Lovatt-Cooper's music was featured in the gala concert of the National Championships of Switzerland 2007 by International Soloist David Childs where Lovatt-Cooper was the invited guest. Lovatt-Cooper's piece "The Dark Side of the Moon" was selected as a test piece for the regional championships 2008 and received performances all over the world. It has also been selected as the test piece for the Dutch National Championships 2008.

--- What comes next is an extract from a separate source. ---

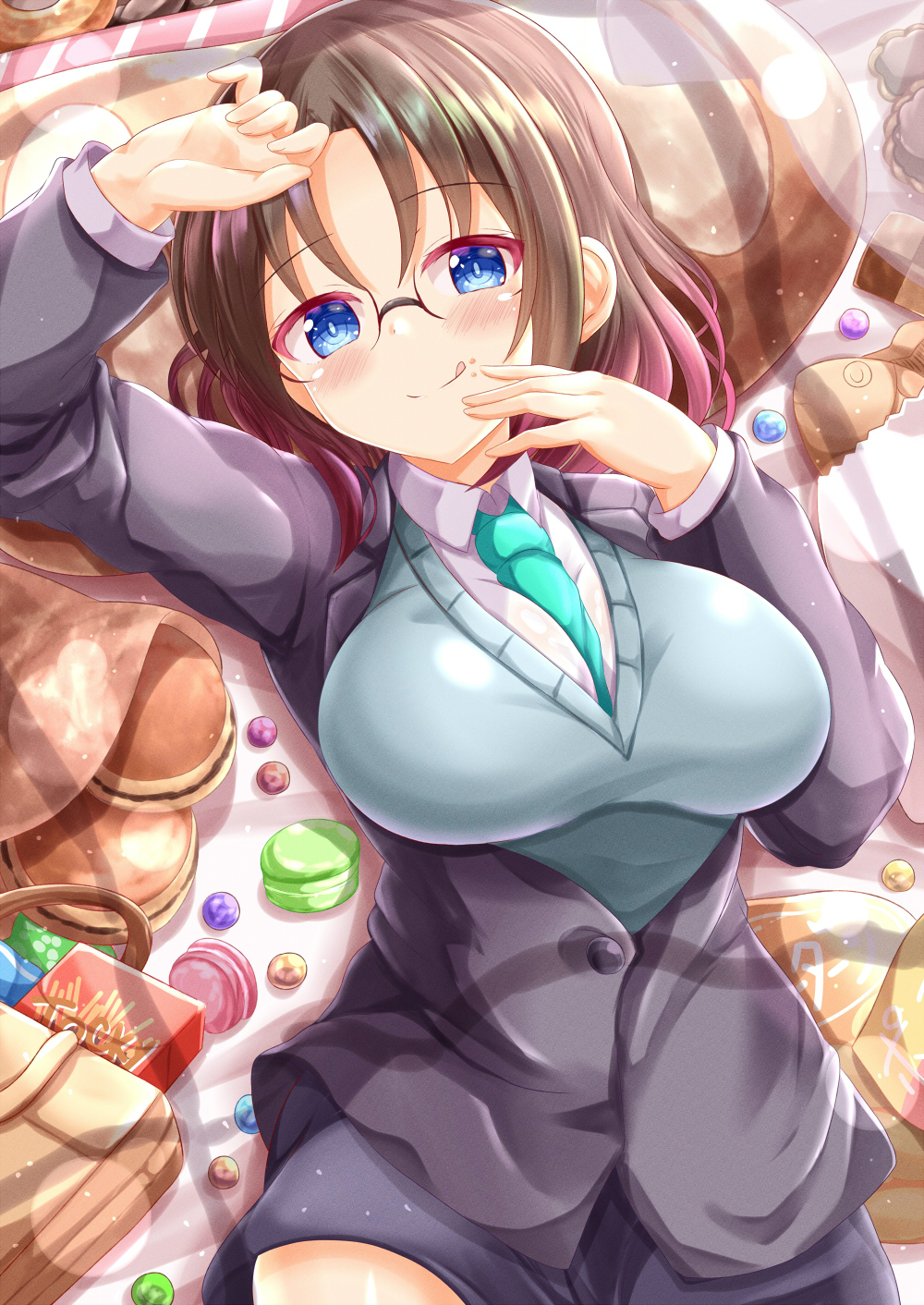 1girl, :q, arm_up, between_breasts, black_jacket, black_skirt, blue_eyes, blue_necktie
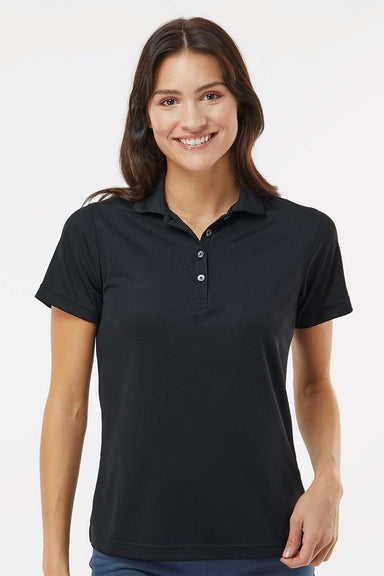 Paragon 104 Womens Saratoga Performance Moisture Wicking Mini Mesh Short Sleeve Polo Shirt Black Model Front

Lovatt-Cooper has written various works for youth bands; his first, "Solar Eclipse", was commissioned by Colin Duxbury and the Stockport Schools Band, who performed it at the National Youth Championships of Great Britain in 2000, in which they won. "The Big Top" was composed for the Wardle High School Junior Band as part of their award-winning performance at the National Festival of Music for Youth Final at Birmingham's Symphony Hall in 2006.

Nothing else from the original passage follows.